More than three million shipwrecks may be scattered across the oceans,
UNESCO estimates.
"Of all the wrecks in the world, maybe less than 10 percent have been found," says
James Delgado,
director of maritime heritage at the National Oceanic and Atmospheric
Administration's Office of National Marine Sanctuaries.
"Any technology
that enables us to pinpoint wrecks is a step in the right direction."
Submerged wrecks are currently detected via waterborne sonar and
airborne LiDAR systems—the former searches for wrecks with sound whereas
the latter uses lasers.
Waterborne sonar is most effective for deep
water; airborne LiDAR requires clear water.
Neither method works well for cloudy, shallow waters, however.
This
means that nearshore waters—often both shallow and cloudy—are frequently
overlooked in hunts for old shipwrecks.
This is a problem because "the
majority of shipwrecks lie closer to shore, clustered around the
entrances to harbors, just as most car accidents happen a kilometer or
so away from home—say, when jockeying for a spot in a parking lot or at
an intersection," Delgado says.
"Near the Golden Gate Bridge there are
more than 300 wrecks and off of Cape Hatteras, N.C., the 'Graveyard of
the Atlantic,' there are more than 1,000."

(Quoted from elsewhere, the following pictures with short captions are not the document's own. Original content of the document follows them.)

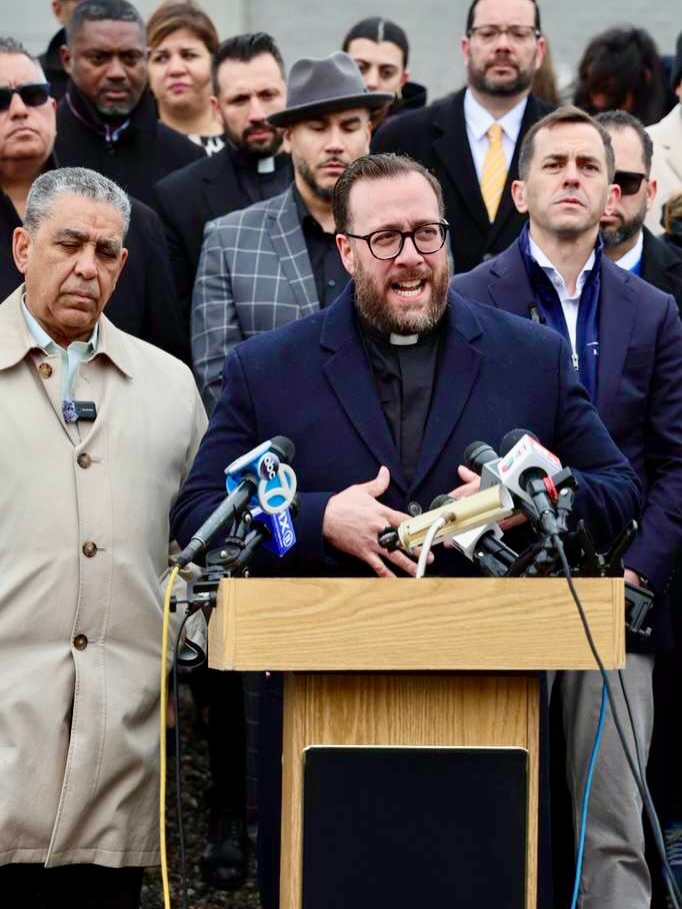 TODAY we raise our voices! Today we claim for JUSTICE!
The National Latino Evangelical Coalition raise its voice for one of our own, Pastor Yieson Cortes, detained recently unjustly by ICE in New Jersey. This is more than advocacy; this is shepherding our community in a moment of deep need.
Alongside Dr. Gabriel Salguero, Rev. Enid Almanzar, Pastor Daniel Mendez, local officials, and pastors across denominations, we stand united against this act of injustice.
Pastor Yieson was detained on March 20 while working and remains in custody. On a day like today, we don’t just remember Jesus actions… we embody them. Because on a day like today, we remember: love kneels, love serves, and love sets people free.
Can you help us PRAY? During this Holy Week, we lift up prayers and supplication for his immediate release, declaring Isaiah 61—freedom for the captives.
#FaithfulWitness #NaLECAdvocacy #Immigration #JusticeforYeison #Nalecorg
⬇️See our complete press release here:
https://www.nalec.org/post/press-release-evangelical-pastor-detained-by-ice-as-churches-prepare-for-holy-week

Sonar images of four shipwreck sites off the coast of Belgium that
reveal how the wrecks disturb surrounding sediment. A: SS Sansip; B: SS
Samvurn; C: SS Neutron; D: SS Nippon.
Credit: The Flemish Hydrography, Coastal Division, Agency for
Maritime and Coastal Services, Flemish Ministry of Mobility and Public
Works.
Now in a new
study detailed in the February
Journal of Archaeological Science, marine geologist
Matthias Baeye
at the Royal Belgian Institute of Natural Sciences and his colleagues
suggest that satellite color photos of the oceans could help find
submerged wrecks in shallow cloudy waters.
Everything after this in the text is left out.